Bu tasarım Konig’in yönetmen Villenevue’in kafasından ilk geçenleri birebir kağıda döktüğü görsel. Bu haliyle epey ilgi çekici ve görkemli gözüküyor olsa da filmin genelinde, puslu bir camın arkasında silüetinin görüneceği bir kurguda yeterli ilgiyi çekip gerilim sağlayamazdı diye tahmin ediyorum. Ancak daha sonra şu görselle karşılaşıyorum:
Birkaç dokunuşla ve biraz da supplement desteğiyle aslında epey havalı bir uzaylı ortaya çıkabiliyormuş.
Filmde çizilen imajla en alakasız duran tasarım bu olsa gerek. Koing’in eklediği açıklamalara göre bu uzaylı bir ön yüze sahip değil, başının her yönünde gözümsü bir organı var ayrıca bedeni de değişken bir biçime sahip. Sanıyorum seçilen tasarım bu olsaydı mürekkepli yazılar bu uzaylıların bedeninden kopup şekil bulacaktı. Aynı zamanda seyirciden bir gram dahi sempati toplayabileceğini sanmıyorum bu organ-balıkvari uzaylının.
Koing bu arkadaş için bir açıklama yapmamış ama elinden çıkan ilk tasarımlardan biri olduğu biliniyor. Düşünülen bedeni görmeden net bir yorum yapmak çok mümkün değil. Ama bu tasarımın da derin denizden esinlenilerek yapıldığı çok bariz.
Sempati toplayamamak demişken… Şu münasebetsiz sıfata bir bakın. Hayır yani ne ilgi çekici, ne görkemli ne de gizemli duruyor. Bildiğin can sıkıcı bir tip bu arkadaş. İyi ki de bu tasarım kullanılmamış yoksa Amy Adams diz çöker tövbe eder sonra da bir daha dönmemek üzere terk ederdi ortamı.

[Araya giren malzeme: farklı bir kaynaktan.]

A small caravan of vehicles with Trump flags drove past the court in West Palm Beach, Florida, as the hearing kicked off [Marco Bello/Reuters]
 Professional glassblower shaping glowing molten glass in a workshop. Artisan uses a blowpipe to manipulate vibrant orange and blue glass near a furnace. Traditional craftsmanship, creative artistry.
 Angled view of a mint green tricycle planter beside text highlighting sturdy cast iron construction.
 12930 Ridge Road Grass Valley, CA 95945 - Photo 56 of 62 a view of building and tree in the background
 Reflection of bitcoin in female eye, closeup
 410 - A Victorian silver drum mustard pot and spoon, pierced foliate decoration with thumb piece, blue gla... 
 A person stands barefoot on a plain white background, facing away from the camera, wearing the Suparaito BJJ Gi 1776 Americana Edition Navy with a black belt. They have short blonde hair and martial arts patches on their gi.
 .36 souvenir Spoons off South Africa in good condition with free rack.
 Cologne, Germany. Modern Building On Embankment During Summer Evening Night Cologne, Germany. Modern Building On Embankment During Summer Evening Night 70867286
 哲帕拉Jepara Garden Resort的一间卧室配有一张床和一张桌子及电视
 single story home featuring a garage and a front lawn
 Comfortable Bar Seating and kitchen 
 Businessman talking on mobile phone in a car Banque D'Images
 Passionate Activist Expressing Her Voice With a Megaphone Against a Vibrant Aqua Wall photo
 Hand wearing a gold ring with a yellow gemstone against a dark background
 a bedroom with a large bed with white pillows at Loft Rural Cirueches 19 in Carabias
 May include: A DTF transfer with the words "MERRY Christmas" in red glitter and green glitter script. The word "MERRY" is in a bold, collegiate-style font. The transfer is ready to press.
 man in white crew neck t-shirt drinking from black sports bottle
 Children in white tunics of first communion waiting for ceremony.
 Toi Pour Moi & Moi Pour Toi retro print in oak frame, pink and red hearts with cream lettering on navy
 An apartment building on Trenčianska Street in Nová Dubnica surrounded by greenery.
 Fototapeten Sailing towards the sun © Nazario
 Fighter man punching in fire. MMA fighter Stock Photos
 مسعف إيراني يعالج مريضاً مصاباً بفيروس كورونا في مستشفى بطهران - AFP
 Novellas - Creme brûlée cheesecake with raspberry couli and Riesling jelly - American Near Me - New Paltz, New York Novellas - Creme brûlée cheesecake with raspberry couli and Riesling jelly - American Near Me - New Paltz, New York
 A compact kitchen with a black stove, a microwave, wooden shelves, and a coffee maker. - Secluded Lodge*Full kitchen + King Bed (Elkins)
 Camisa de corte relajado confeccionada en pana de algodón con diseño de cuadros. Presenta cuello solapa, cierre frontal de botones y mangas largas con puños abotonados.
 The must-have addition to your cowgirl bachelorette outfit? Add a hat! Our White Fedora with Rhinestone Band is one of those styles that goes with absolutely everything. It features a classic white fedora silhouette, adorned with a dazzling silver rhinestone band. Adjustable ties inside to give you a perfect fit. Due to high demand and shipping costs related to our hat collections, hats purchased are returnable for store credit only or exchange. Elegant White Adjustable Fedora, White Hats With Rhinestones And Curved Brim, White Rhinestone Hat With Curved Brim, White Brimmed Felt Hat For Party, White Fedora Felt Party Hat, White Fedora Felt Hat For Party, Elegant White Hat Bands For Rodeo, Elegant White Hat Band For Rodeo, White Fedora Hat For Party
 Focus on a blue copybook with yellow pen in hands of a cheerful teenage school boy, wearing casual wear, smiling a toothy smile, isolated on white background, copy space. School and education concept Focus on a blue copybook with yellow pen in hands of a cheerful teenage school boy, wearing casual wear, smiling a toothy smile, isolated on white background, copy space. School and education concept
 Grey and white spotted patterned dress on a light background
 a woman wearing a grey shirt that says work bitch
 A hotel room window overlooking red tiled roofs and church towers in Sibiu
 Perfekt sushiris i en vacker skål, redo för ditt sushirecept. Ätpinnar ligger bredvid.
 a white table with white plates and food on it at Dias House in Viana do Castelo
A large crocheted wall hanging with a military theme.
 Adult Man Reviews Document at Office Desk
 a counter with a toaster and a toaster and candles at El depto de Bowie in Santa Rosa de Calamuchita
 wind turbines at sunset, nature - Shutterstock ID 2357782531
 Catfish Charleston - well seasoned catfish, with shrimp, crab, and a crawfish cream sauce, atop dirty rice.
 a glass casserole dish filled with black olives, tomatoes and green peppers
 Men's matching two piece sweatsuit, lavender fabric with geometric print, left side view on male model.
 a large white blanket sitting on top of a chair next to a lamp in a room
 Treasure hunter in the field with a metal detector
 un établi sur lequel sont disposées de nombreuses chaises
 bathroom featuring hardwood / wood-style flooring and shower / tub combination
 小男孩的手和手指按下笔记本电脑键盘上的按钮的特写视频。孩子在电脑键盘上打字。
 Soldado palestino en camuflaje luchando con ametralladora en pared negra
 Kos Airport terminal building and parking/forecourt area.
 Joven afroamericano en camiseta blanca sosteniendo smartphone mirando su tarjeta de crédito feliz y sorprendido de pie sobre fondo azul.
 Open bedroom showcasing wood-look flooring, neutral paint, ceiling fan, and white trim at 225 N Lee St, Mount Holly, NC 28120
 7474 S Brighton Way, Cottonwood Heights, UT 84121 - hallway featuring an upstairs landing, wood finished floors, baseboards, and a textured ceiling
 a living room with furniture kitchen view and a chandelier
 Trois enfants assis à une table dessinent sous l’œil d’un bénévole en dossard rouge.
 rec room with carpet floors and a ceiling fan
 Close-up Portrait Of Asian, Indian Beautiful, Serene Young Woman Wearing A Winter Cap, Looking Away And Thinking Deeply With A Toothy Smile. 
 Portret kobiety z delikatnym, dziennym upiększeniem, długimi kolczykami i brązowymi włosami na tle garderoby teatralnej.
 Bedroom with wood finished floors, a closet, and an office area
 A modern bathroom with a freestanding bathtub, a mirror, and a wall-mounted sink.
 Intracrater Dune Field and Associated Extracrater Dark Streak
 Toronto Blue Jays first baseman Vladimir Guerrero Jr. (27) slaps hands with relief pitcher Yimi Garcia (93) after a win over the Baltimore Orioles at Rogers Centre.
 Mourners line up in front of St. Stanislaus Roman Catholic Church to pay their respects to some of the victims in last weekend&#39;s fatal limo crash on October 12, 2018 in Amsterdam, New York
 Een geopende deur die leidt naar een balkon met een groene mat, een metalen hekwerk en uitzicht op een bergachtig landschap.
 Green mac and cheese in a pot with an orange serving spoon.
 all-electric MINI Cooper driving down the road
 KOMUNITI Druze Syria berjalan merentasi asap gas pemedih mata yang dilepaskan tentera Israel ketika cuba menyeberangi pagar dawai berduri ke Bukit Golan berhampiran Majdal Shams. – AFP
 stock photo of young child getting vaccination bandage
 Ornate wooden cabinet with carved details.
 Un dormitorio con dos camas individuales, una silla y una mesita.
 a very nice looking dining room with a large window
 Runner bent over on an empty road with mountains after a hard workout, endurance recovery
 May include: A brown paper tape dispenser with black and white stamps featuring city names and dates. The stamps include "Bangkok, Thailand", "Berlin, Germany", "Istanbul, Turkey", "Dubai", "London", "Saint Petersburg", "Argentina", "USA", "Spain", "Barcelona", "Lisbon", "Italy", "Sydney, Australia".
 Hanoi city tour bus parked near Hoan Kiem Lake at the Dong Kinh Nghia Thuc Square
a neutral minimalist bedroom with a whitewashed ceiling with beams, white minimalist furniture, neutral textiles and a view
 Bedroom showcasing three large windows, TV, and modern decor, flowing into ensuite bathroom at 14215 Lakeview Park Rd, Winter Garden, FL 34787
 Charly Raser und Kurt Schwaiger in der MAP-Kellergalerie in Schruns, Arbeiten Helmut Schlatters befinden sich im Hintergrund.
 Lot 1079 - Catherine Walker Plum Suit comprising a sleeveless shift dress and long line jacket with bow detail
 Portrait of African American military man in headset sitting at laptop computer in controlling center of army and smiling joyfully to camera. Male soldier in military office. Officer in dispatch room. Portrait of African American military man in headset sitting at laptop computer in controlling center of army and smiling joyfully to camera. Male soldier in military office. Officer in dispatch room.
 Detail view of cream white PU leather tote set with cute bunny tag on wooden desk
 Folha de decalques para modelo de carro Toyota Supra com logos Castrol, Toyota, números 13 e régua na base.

Son olarak filmdeki tasarımına hayran olduğum uzay aracının yayınlanan tek rakibine bakalım. Şekil her ne kadar karizmadan uzak olsa da aslında kullanılan tasarımın önemli özelliklerinden, doğal duruş özelliğine sahip. Görsellerden alttaki filmdeki tasarımın renk tonunu kullanmış ve aşınmış metal/minarel madenlerinden yapıldığı varsayılmış. Yine de harika film afişlerine sebebiyet veren uzun, içbükey, eliptik uzay aracının kusurlarını sergileyerek edindiği kusursuz duruşun karizmasında yoksun.